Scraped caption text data

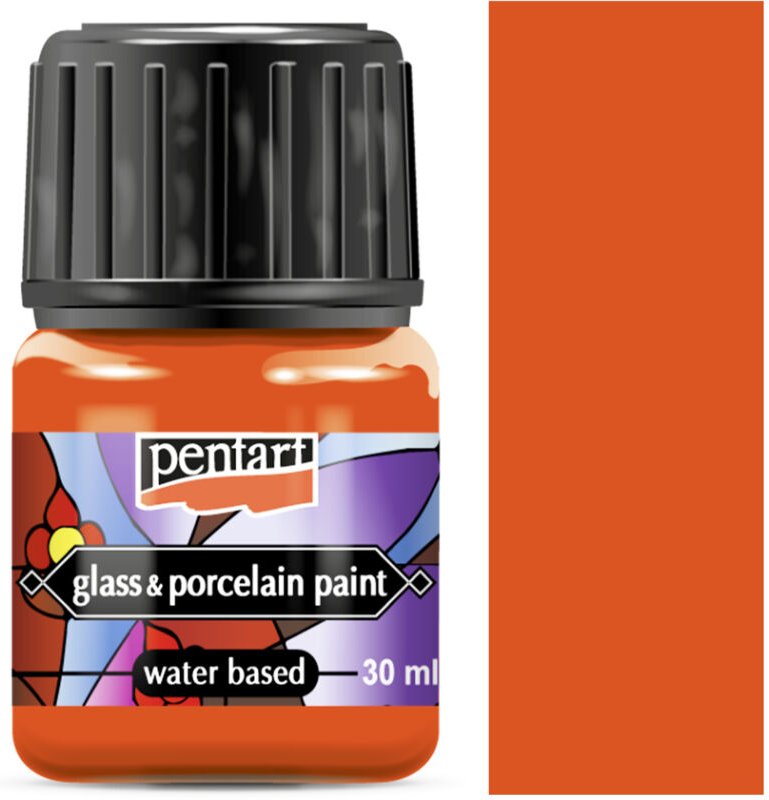 Farbe für Porzellan, Glas, Metall, Pentart ORANGE für Keramik, 30 ml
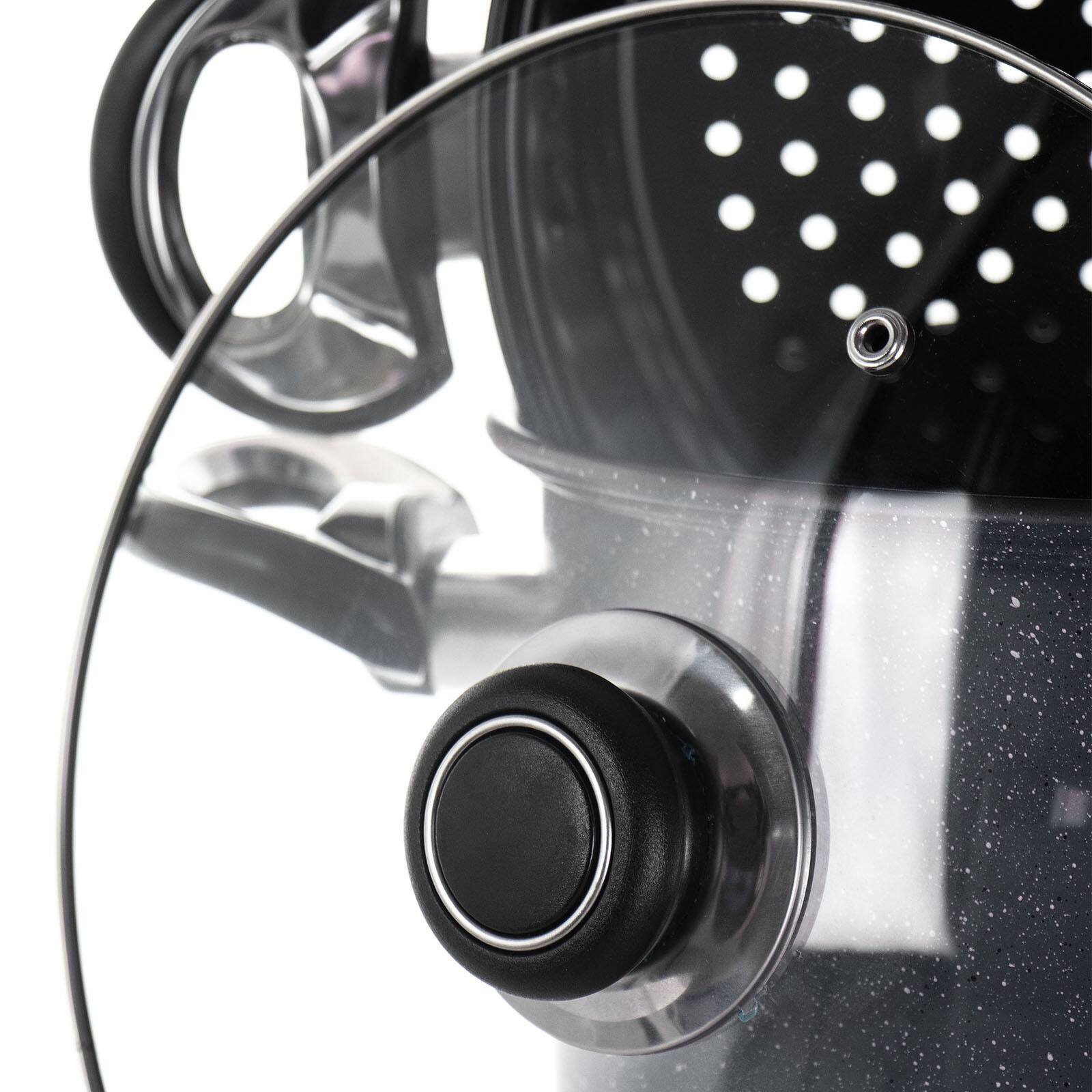 Gibson Home® Leighton 3-Piece 8.5qt. Black Nonstick Steel Pasta Pot with Steamer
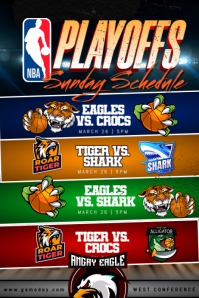 Black Professional Basketball Playoffs Poster template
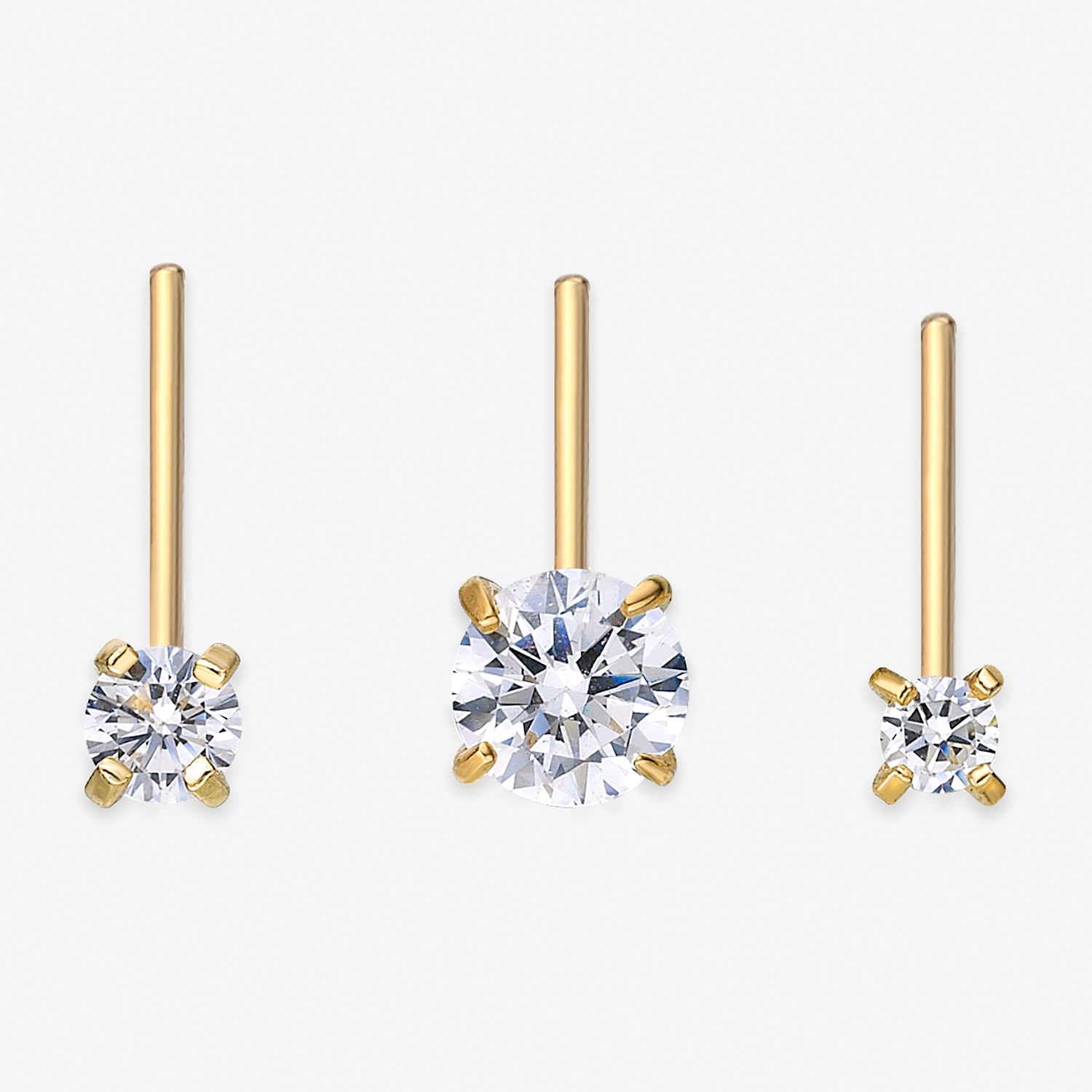 3-pc. Cubic Zirconia 14K Gold Nose Ring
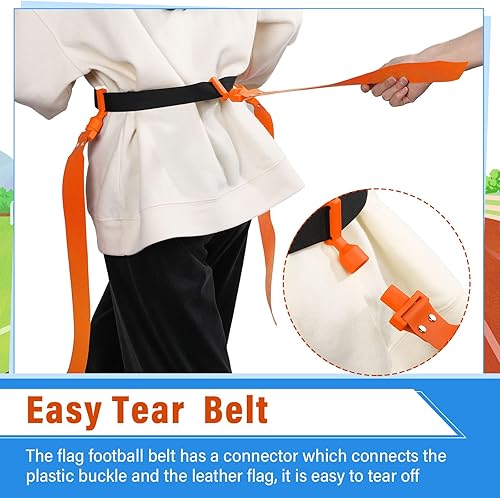 Vista 26 de Hungdao Cinturones y banderas de fútbol para 12 jugadores, cinturones de fútbol ajustables para niños, adolescentes, adultos, entrenamiento en Negro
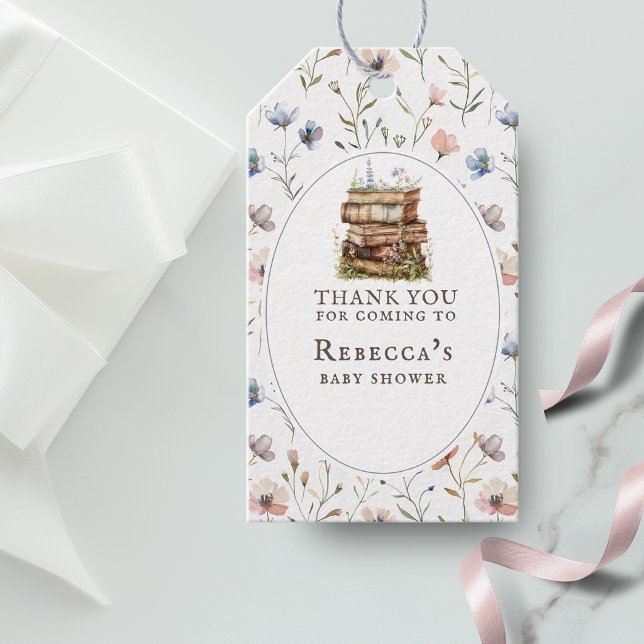 Delicate baby shower wildflower favour tag (Creator Uploaded)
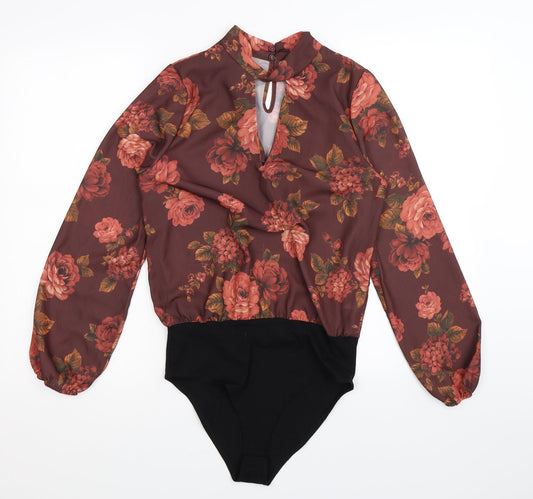 New Look Womens Brown Floral  Bodysuit One-Piece Size 10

**What the task requires:**
Which lines run from the one holding "Delicate baby shower" through the end of the records? Reproduce them word for word, both ends included, with no pictures.

**Exercise solution:**
 Delicate baby shower wildflower favour tag (Creator Uploaded)
 New Look Womens Brown Floral  Bodysuit One-Piece Size 10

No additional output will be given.